また、同社では機械学習を用いて、多品種の段ボールケースから“箱らしさ”を学習する。これにより、パレット上にあるケース(箱)のおおよその位置が推定でき、画像処理と3次元データ処理を組み合わせることで、高い成功率で箱を認識できるという。加えて、箱を把持してからベルトコンベヤーなどに置くまでの最短ルートを計算し、経路のショートカットを作成するため、より効率的な積み下ろし作業が可能になる。
人の知能を再現した荷下ろし
こうしたロボットを、Kyoto Roboticsでは“知能ロボット”と呼ぶ。Kyoto Robotics CMO 遠藤 毅氏は「人間で例えると、3Dビジョンは“目”に当たります。箱の奥行きなども認識できます。ロボットには事前に情報を教えておらず、3Dビジョンで見て、機械学習をもとに“脳”で考えて運ぶのです」と語る。
メインで使用されるのは、荷下ろしなどの工程で活用されるデパレタイザーだ。パレット自動倉庫や入荷パレットからの荷下ろしを行う場合、その箱の寸法を事前に把握して登録することが求められるが、新規の商品や顧客の場合はその対応に手間が掛かる。しかし3Dビジョンによるマスターレスでのケース認識により、初めて荷下ろしする箱でも迅速に運べるようになるのだ。
この3Dビジョンとロボットアームを組み合わせたデパレタイザーを開発した経緯について遠藤氏は「4年ほど前、製造業の自動化は進んでいる一方で物流倉庫の自動化は進んでいないことを知りました。背景には、物流倉庫では多品種の荷物を取り扱うため、その度に箱のサイズなどを計測してマスター登録を行うのは現実的でないことがあります。そこで当社の3Dビジョンを活用し、マスターレス、ティーチングレスで、脳のように考えて自身で動くロボットがあれば、自動化が進むと考えました」と振り返る。

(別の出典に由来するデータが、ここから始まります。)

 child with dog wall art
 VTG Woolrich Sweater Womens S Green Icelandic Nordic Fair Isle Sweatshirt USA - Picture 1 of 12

自動化されていない物流倉庫では、通常荷物の積み下ろしなどは人の手で行われる。非常に重労働であり、労働人口が減少傾向にある中、こうした現場の作業負担軽減は喫緊の課題だ。Kyoto Roboticsのデパレタイザーはそうした労働力不足の現場の重労働作業を自動化するツールとして最適なのだ。
多様な荷物にも即座に対応
Kyoto Roboticsのマスターレスデパレタイザーは、ケースの単載(1種類のみ)にも混載(複数混在)にも対応する。箱の上部がきちんと閉まっていないようなケースでも正しくその寸法を認識し、アームで横からデパレタイズできる。また、認識が困難なケースがあった場合は、ロボットが自動で判断してケースを少しずらす「AIずらし機能」を搭載している。一つのケースを正しく認識できることで、限りなく止まらないシステムを実現できるのだ。また、デパレタイザーロボットは、ケースの重量やサイズ、遠心力なども考慮して、ダメージを抑えた最適なスピードで運搬してくれる。
Kyoto Roboticsの3Dビジョンは、ケースのサイズ(縦・横・高さ)や重さを計測するマスター登録機としても利用できる。デパレタイズと同時に計測したマスター情報を二次活用すれば、トラックの配送予約のための体積や重量計算などを行う手間が省け、物流倉庫の作業をより効率化できる。
「実際に導入した企業さまで、3Dビジョンの情報を活用し配送トラックの手配を効率化した事例もあります。人が採寸する行為が不要になり、自動化して正しく採寸できるようになったため、輸送作業が非常に効率化されたようです。物流倉庫のDXを実現するにはある1工程だけを自動化するのではなく、データをどう活用していくかが非常に重要になりますね」と遠藤氏。
2021年4月には日立製作所の子会社となり、日立グループのロボットSI事業と共により多くの企業に物流センターへ、同社の知能ロボットシステムの普及を進めていく方針だ。もちろん他社ロボットSI企業とも連携し、今後も社会全体の効率化・最適化に向けて、物流倉庫でのロボット活用を推進していく。